Not quite ‘Hoosiers’ as tiny Butler falls 1 win short of NCAA title with loss to Duke

By Nancy Armour, AP
Tuesday, April 6, 2010

Butler’s wonderful ride ends 1 win short of title

INDIANAPOLIS — Matt Howard crumpled to the ground and covered his face with his hands. Gordon Hayward walked off the court, the sparkle gone from his eyes. Willie Veasley sat in the locker room, his jersey pulled over his head.

Life will never be the same for Butler. The team from the tiny school was the biggest thing going in college basketball for a few days, captivating the whole country with a heartwarming story that seemed tailor-made for Hollywood.

But Butler never wanted some bit part. It wanted the whole thing, and coming so close makes it hurt that much worse.

“They’re crushed,” Butler coach Brad Stevens said after the Bulldogs’ 61-59 loss to Duke in the NCAA championship Monday night. “I mean, this matters.

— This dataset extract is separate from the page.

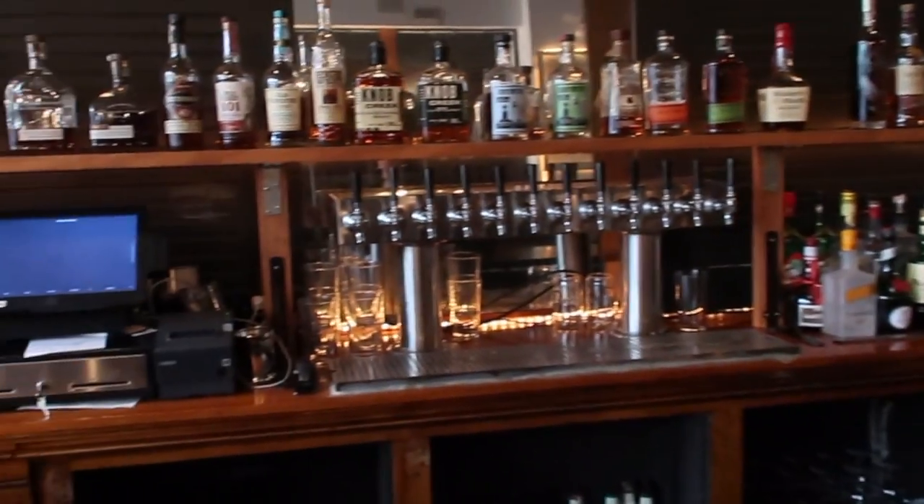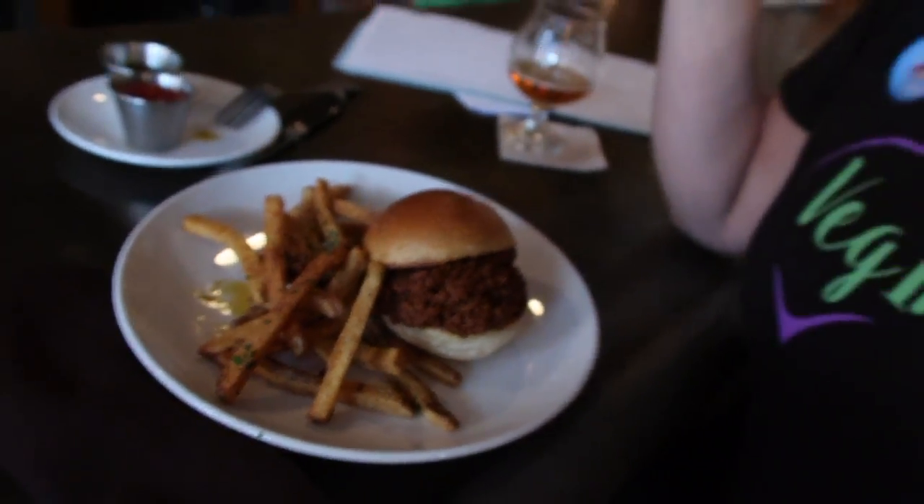Today we're checking out Station in Pittsburgh's Bluefield neighborhood. They have a vegan sloppy joe. Alright, so you guys saw that sloppy joe, so let's get sloppy.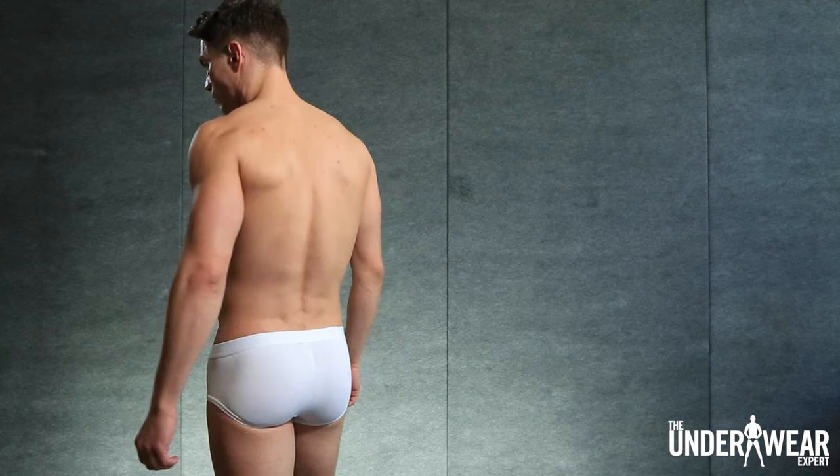That's it for our look at the latest from Tani. What about you? Have you tried the collection? Let us know your thoughts in the comments section below. If you enjoyed today's video, give us a thumbs up and subscribe to our channel for more great content like this. I'm Kevin Spencer for The Underwear Expert. Thank you.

They didn’t come in here thinking they were just going to roll over and not have a chance. They wanted to win.”

It’s little consolation now, but this game will be remembered as much for Butler’s grit and heart as Duke’s fourth title. Maybe even moreso. Hayward will be playing in the NBA someday, and maybe Howard, too. But the Bulldogs were a team where the sum was greater than its parts, where how they played mattered as much as the final score.

With their best player struggling and shots not falling against one of the game’s powerhouses, plenty of teams would have packed it in. Not the Bulldogs (33-5).

Trailing 60-55 with 3:16 to play, Howard — who’d only been cleared to play Monday afternoon after sustaining a concussion in Saturday night’s semifinals — made two layups, including one with 55 seconds left that pulled Butler within one. Kyle Singler missed at the other end, and Ronald Nored came up with the rebound.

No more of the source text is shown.